Various newspapers published the annual message from those copies distributed so energetically by Smith’s print shop beginning on 8 Dec. As printed in several newspapers, the text included a footnote ostensibly written by the editor of the National Intelligencer. That note was actually written by Jefferson (Document III). Keyed to a passage in the annual message that referred to “an anxious solicitude for the difficulties under which our carrying trade will soon be placed,” the footnote called attention to what were called “countervailing duties,” extra import charges that Great Britain imposed on goods carried in American ships. Jefferson had expected a strong reaction to the British policy when it went into effect in 1798, but at that moment the deterioration of relations with France quickly overwhelmed other topics in American public opinion. The footnote in the National Intelligencer was a means of bringing notice back to the topic of Britain’s countervailing duties.

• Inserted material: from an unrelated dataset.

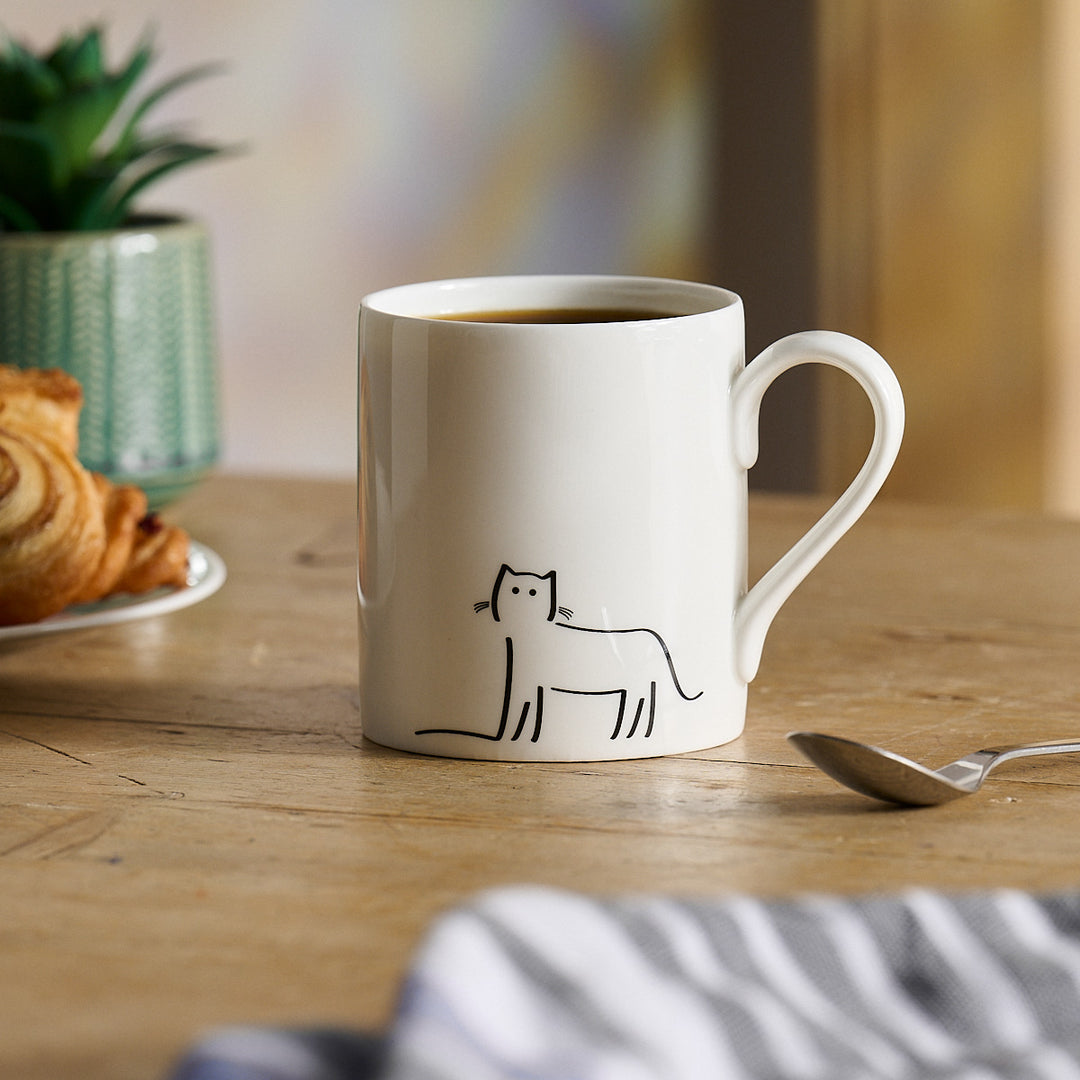 Watching Cat Mug with a cat illustration on a wooden table with coffee, croissant, and spoon.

The note, as Jefferson wrote it and Smith published it, promised that the Intelligencer would provide more information on the subject. Smith did follow up on 23 Dec., and at least one other newspaper, the Independent Chronicle of Boston, reprinted that commentary (New York American Citizen and General Advertiser, 12 Dec. 1801; Newark, N.J., Centinel of Freedom, 12 Dec.; New-York Gazette and General Advertiser, 14 Dec.; Albany Centinel, 18 Dec.; Salem Impartial Register, 21 Dec.; Otsego Herald: or, Western Advertiser, 31 Dec.; Independent Chronicle, 7 Jan. 1802).

Debates in the House of Representatives stimulated more discussion of the issue. On 14 Dec. 1801, another Smith—Samuel Smith, who had retained his seat in Congress while acting as secretary of the navy ad hoc during the spring and early summer—introduced a resolution in the House of Representatives for the removal of what were called discriminating duties, U.S. imposts that favored American ships and could be seen to have instigated Britain’s countervailing duties. It was the first legislative item prompted by the annual message to come before the House. Smith argued that insurance costs on British shipments during that country’s war with France had kept American shipping competitive. Peace between the hostile powers meant an end to the high insurance premiums on British shipping, so the countervailing duties would make it uneconomical to ship goods to Britain in American vessels. Federalists, especially Roger Griswold, argued that the nation’s commerce would suffer more from a repeal of the discriminating duties, which had been intended to protect a developing American mercantile trade, than from the effects of Britain’s countervailing charges. Congress made no change to the discriminating duties in that session, and Jefferson brought the countervailing and discriminatory duties up again in his 1802 annual message. His use of the planted footnote and, no doubt, his contact with Samuel Smith and other allies in Congress were elements of what he called his “winter campaign” of getting legislation through Congress (Annals, 11:325, 329–33; New York American Citizen and General Advertiser, 9 Jan. 1802; New-York Evening Post, 2 Feb. 1802; New-York Herald, 3 Feb. 1802; Cunningham, Process of Government, 220; TJ to Benjamin Rush, 20 Dec. 1801).